**TASK PROMPT**
Below, locate the line that contains "Miabrunette22 webcam". Repeat exactly from that line to the line that contains "Detached Garage, Exterior", inclusive, leaving out the pictures.

**EXTRACTED INFORMATION**
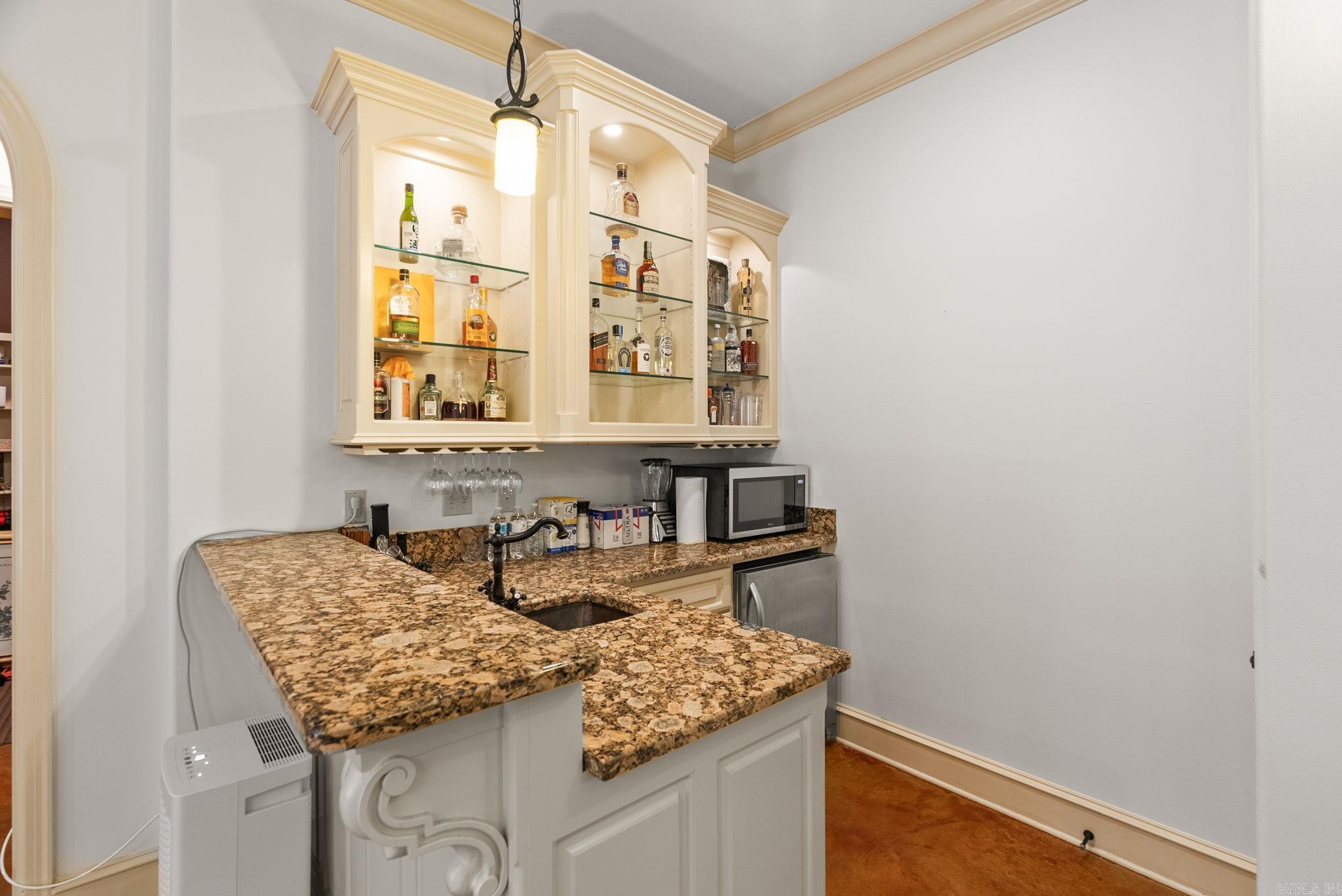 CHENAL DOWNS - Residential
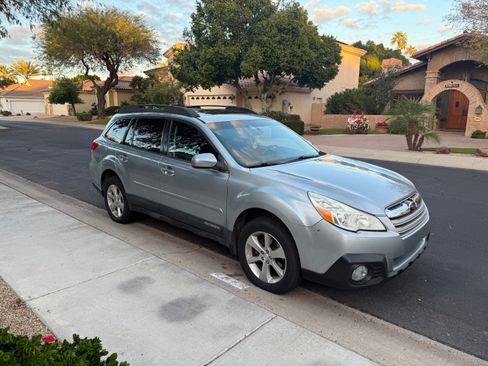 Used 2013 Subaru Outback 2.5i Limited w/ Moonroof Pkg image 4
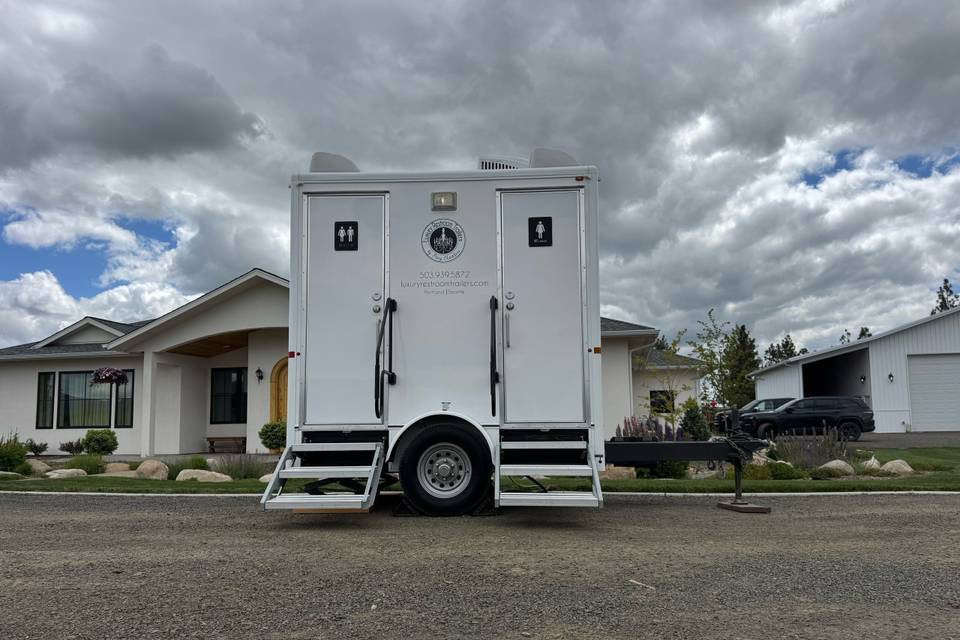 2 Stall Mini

* * *

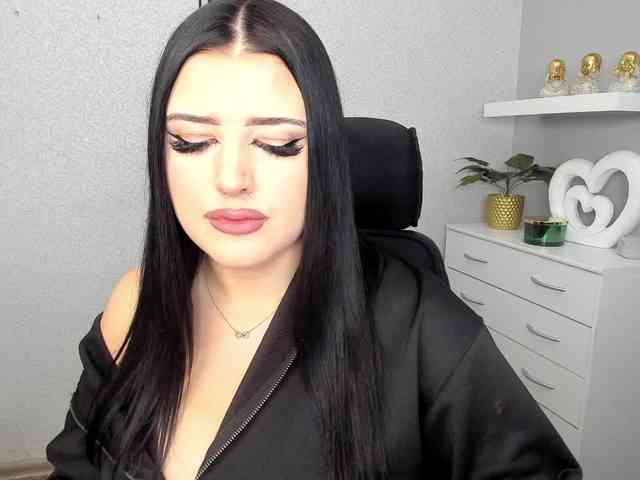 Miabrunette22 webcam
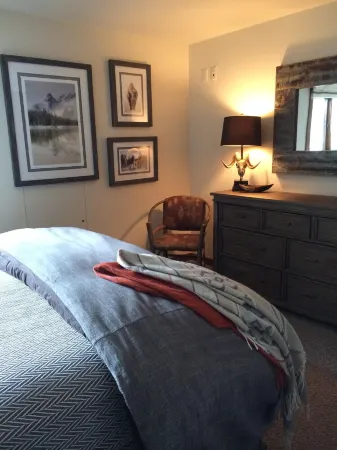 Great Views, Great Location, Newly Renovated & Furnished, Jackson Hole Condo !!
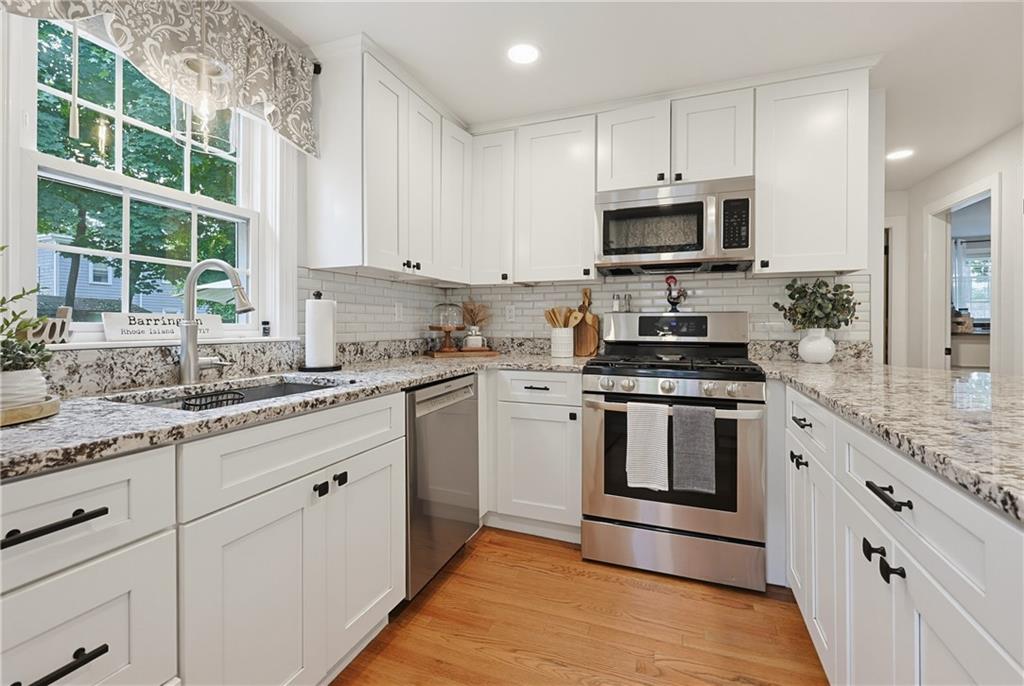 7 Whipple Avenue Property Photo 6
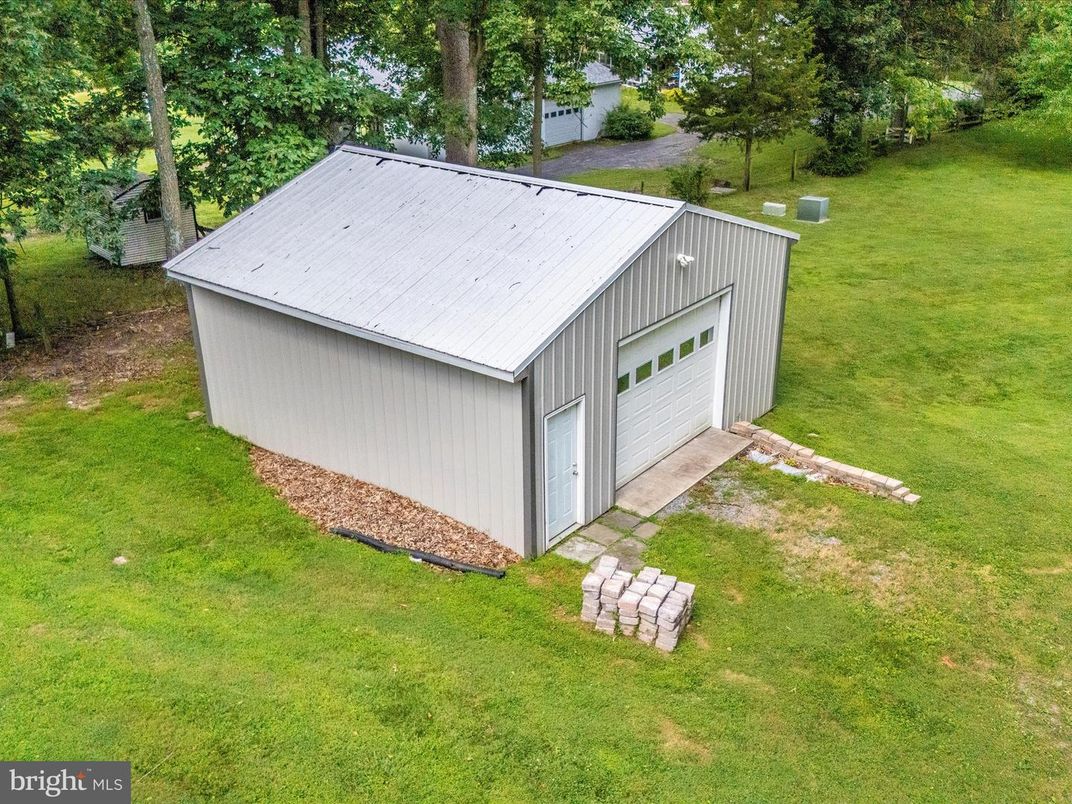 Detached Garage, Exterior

**TASK SOLUTION**
 Miabrunette22 webcam
 Great Views, Great Location, Newly Renovated & Furnished, Jackson Hole Condo !!
 7 Whipple Avenue Property Photo 6
 Detached Garage, Exterior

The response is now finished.